What the task asks - For this exercise, copy exactly only the lines from the one containing "Puma teamRISE logo" to the final line of the material below, without the pictures.

Provided data -
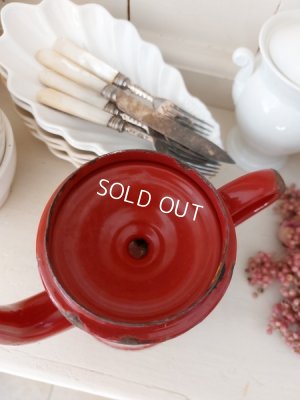 画像7: エトワール社赤すみれ柄ポット　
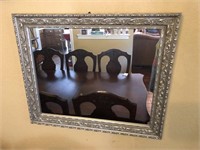 Wall mirror and molded frame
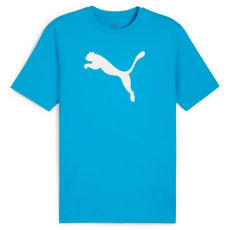 Puma teamRISE logo férfi póló, speed kék-fehér, S25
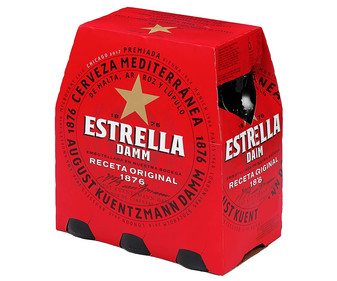 Cerveza ESTRELLA DAMM pack 6 uds. x 25 cl.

Response to the task -
 Puma teamRISE logo férfi póló, speed kék-fehér, S25
 Cerveza ESTRELLA DAMM pack 6 uds. x 25 cl.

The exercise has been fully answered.